Unity Health, a Searcy-based health system, announced Thursday that it is the first medical provider in Arkansas to join the Mayo Clinic Care Network.
The arrangement means Unity Health doctors will have access to electronic consulting with physicians with the Mayo Clinic, one of the country’s top-ranked medical providers by U.S. News & World Report. Patient medical information such as MRI scans will be transmitted to those doctors. Unity Health also will have access to the AskMayoExpert database with information on disease management and care guidelines.

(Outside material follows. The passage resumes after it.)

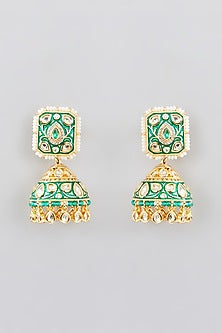 Gold Finish Kundan Polki & Pearl Long Necklace Set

Unity Health will pay a yearly subscription fee to access the network, which is composed of 37 hospital systems with about 110 hospitals in the United States, Mexico, Puerto Rico and Singapore. It began the network in 2011.
The non-profit Mayo Clinic has major campuses in Rochester, Minn.; Jacksonville, Fla.; and Scottsdale and Phoenix, Arizona.
The Unity Health system has hospitals in Searcy and Newport and clinics in Beebe, Heber Springs and Bradford.
CEO Ray Montgomery said Unity Health looked at several options before deciding on the partnership with Mayo. He emphasized that the relationship is not a merger or acquisition and said the county-owned and -operated hospital run by a nonprofit organization plans to remain independent.
“We’re strong financially, and we really believe we have great quality, but we’re always pushed to make improvements, so we know partnerships and alliances without a merger or acquisition has been the stalwart on what our board focuses in on,” he said after the announcement.
He said during the announcement that patients will not be charged for the service.
“It is basically, essentially, a free service,” he said.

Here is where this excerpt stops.